Jetzt schaut mich die Kuh an und ich laufe langsam weiter in ihren gedachten Angriffsweg, “cruzar” oder kreuzen heißt das im Fachjargon. Mit forscherem Schritt und einem kurzen “He!”, begleitet von einem leichten Schütteln des Tuchs, versuche ich sie zum Angriff zu reizen. Keine Reaktion. Ich bin zu weit weg, ein Anfängerfehler. Ein weiterer häufiger Anfängerfehler wäre aber, nach ein paar Fehlversuchen zu forsch zu Werke zu gehen und die unsichtbare Linie zu übertreten, die das Gebiet des Tiers markiert. Dieses Überschreiten wird meist mit einem sofortigen Angriff bestraft, der oft ungemütlich endet, weil der Anfänger weder sein Tuch in Position gebracht hat noch geistig vorbereitet war und in Panik zur Seite oder nach hinten ausweicht, was alles noch viel schlimmer macht, weil das Tier nun genau in die taumelnde Masse aus Mensch und Tuch rennt. Die richtige Reaktion wäre ein Schritt in den Angriff hinein, das Tuch vor dem Körper, um das folgenden Tier mit dem Tuch um den Mann zu führen, statt in ihn hinein.

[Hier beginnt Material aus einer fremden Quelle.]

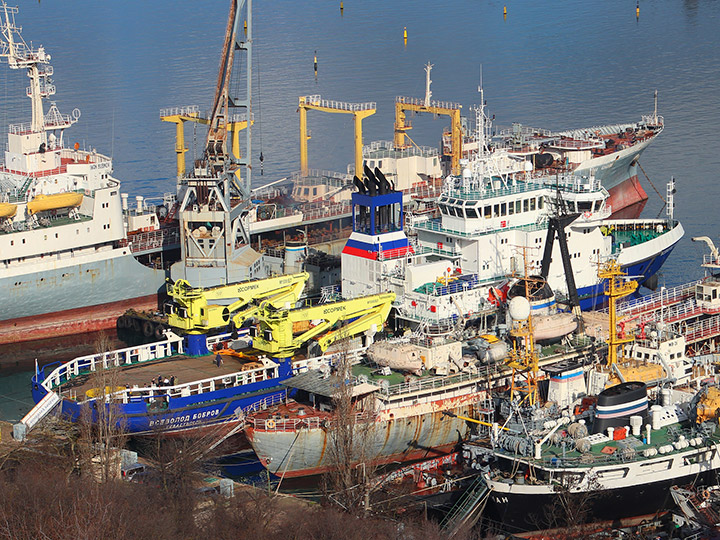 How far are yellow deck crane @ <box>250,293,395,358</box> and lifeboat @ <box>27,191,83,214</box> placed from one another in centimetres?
1302

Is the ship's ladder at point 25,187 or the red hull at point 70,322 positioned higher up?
the ship's ladder at point 25,187

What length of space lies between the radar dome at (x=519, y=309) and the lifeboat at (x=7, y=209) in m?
24.8

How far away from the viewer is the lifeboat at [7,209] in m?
48.4

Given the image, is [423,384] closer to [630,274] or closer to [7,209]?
[630,274]

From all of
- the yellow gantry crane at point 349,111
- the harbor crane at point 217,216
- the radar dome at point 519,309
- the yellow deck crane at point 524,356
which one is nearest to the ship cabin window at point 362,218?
the harbor crane at point 217,216

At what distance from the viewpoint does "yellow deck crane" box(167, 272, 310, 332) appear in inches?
1594

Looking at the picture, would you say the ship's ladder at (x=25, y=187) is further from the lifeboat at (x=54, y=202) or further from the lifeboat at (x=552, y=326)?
the lifeboat at (x=552, y=326)

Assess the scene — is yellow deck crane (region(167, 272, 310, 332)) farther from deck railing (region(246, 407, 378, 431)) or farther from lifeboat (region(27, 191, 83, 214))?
lifeboat (region(27, 191, 83, 214))

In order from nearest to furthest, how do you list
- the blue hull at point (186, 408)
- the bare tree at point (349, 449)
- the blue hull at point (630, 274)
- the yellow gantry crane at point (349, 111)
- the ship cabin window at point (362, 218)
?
the bare tree at point (349, 449), the blue hull at point (186, 408), the ship cabin window at point (362, 218), the blue hull at point (630, 274), the yellow gantry crane at point (349, 111)

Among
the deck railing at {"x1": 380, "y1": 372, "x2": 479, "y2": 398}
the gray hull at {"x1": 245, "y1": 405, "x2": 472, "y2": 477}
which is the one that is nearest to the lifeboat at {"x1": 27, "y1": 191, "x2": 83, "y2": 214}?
the gray hull at {"x1": 245, "y1": 405, "x2": 472, "y2": 477}

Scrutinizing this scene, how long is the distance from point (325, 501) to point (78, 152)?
28.5m

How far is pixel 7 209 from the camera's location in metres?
48.6

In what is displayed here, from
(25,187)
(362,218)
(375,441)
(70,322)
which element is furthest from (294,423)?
(25,187)

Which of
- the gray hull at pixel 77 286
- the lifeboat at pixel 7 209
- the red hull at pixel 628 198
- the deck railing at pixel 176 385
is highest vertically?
the lifeboat at pixel 7 209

Also schaue ich der Kuh nun in die Augen und versuche bei langsamem Vorwärtstasten an ihrem Blick abzulesen, wann ich ihre Grenze erreiche. Sie blinzelt und bewegt ganz leicht den Kopf, viel undramatischer als die schnaubenden und mit dem Huf scharrenden Bullen in “Bugs Bunny”-Cartoons. Also noch mal, “He!” und das Tuch rausgehalten. Sie stürmt los und ist schon vorbei, offenbar habe ich etwas richtig gemacht, obwohl es zu schnell ging, als das ich mich daran erinnern könnte: Das Tempo des Tuches hat sich dem Tempo des Angriffs angepasst. Die matadores nennen diesen Effekt “templar”: das Tuch folgt dem Stier, auch wenn es anders ausieht. Der Angriff verlangsamt sich nicht auf das vom matador vorgegebene Tempo, selbst wenn manche Fans ihren Helden gerne solche Fertigkeiten zusprechen. So etwas gelingt eventuell später in der “faena”, wenn der Stier müder geworden ist und auch nur dann, wenn der torero zuvor als vertauensbildende Massnahme das Tempo des Stiers aufgenommen hatte. Wird das Tuch aber anfangs zu langsam bewegt, feuert der Stier es mit Kopfstössen durch die Gegend, frustriert vom Fehlen eines festen Wiederstandes. Dabei soll der Drang nach einem solchen Wiederstand ihn motivieren, konstant und stetig anzugreifen.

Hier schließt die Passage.